Roma, 28 gennaio 2024 – Ma in Italia chi verrebbe chiamato alle armi in caso di guerra? Abbiamo ancora nella memoria le parole choc di Patrick Sanders, capo di Stato maggiore delle forze britanniche. Con quel riferimento ai civili che devono essere pronti a combattere contro la Russia di Putin, se sarà necessario. Mentre il ministro della Difesa, Guido Crosetto, lavora per costituire una forza di 10mila riservisti, pronti a intervenire in supporto alle Forze armate in caso di estreme necessità, come guerre o gravi crisi internazionali.
Cerchiamo di capire come funzionano le cose nel nostro Paese, in cinque passaggi e altrettante domande con la guida di Paolo Remer, ex magistrato, che ha scritto proprio su questo tema su La legge per tutti.

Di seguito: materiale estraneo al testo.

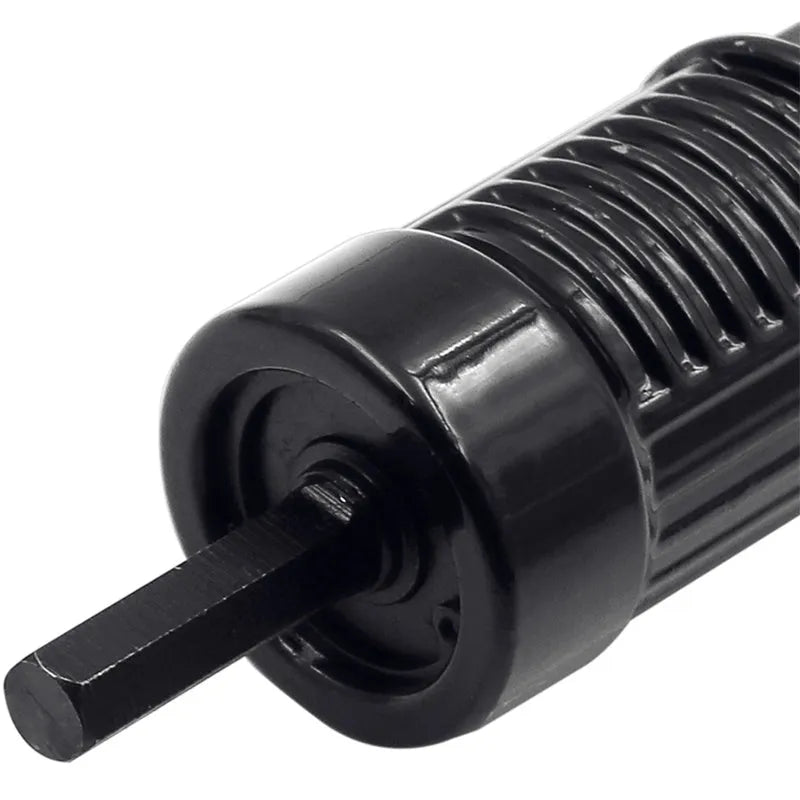Black metal electric drill rivet gun with handle, wrench, and rivet heads on a workbench.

1. In caso di guerra, chi può essere arruolato?
Prima di tutto i militari di carriera delle nostre Forze armate (Esercito, Marina, Aeronautica, Carabinieri e Guardia di Finanza). In seconda battuta, gli ex militari che abbiano completato il servizio da meno di cinque anni. Ma se le forze non fossero ancora sufficienti? Allora entrerebbero in campo i civili. La chiamata avverrebbe sulla base delle liste di leva che comprendono tutti i cittadini maschi tra i 18 e i 45 anni. Per essere arruolati bisogna però essere dichiarati idonei alla visita.

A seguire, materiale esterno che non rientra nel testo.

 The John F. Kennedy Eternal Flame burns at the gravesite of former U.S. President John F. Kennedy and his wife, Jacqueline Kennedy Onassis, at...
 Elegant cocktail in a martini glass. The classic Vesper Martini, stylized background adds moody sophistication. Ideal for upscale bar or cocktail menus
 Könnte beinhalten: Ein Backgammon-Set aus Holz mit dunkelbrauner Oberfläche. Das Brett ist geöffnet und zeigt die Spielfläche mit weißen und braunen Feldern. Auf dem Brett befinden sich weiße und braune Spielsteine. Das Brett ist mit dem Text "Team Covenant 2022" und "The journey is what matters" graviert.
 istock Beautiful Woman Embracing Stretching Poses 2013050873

Chiarisce Remer: “I militari di carriera sono sempre a disposizione. E dobbiamo precisare che le emergenze potrebbero non arrivare a una guerra vera e propria”.
2. Chiamata alle armi, chi è escluso?
Sono esclusi dal richiamo alle armi, ricorda l’ex magistrato, “i Vigili del fuoco e gli appartenenti alle Forze di polizia ad ordinamento civile, dalla Polizia di Stato alla penitenziaria alla Polizia locale”.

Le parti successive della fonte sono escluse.